*To do*: Could you give again exactly, and only, the lines from the one holding "冷静、不情绪化的女人打电话，听别人说话，不做出反应。" through the end of the data, both ends included, with pictures left out?

(Material provided)

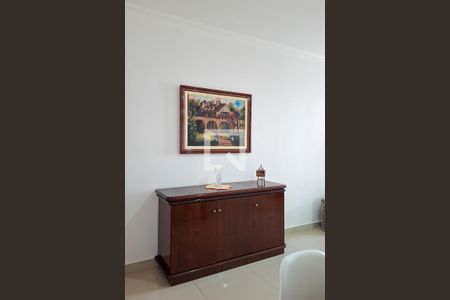 Sala de apartamento para alugar com 1 quarto, 75m² em Vila Tupi, Praia Grande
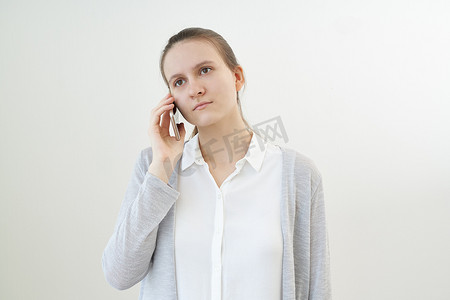 冷静、不情绪化的女人打电话，听别人说话，不做出反应。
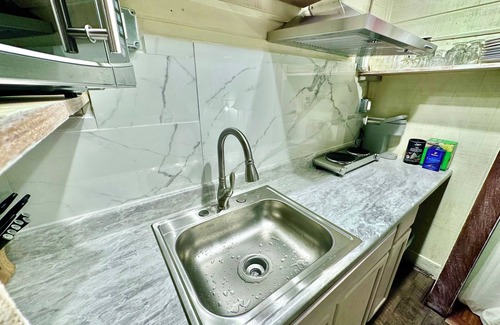 Gulfport Apartment | Private bedroom ,private bathroom ,private entrance, private kitchen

(End Material provided)

*Exercise answer*:
 冷静、不情绪化的女人打电话，听别人说话，不做出反应。
 Gulfport Apartment | Private bedroom ,private bathroom ,private entrance, private kitchen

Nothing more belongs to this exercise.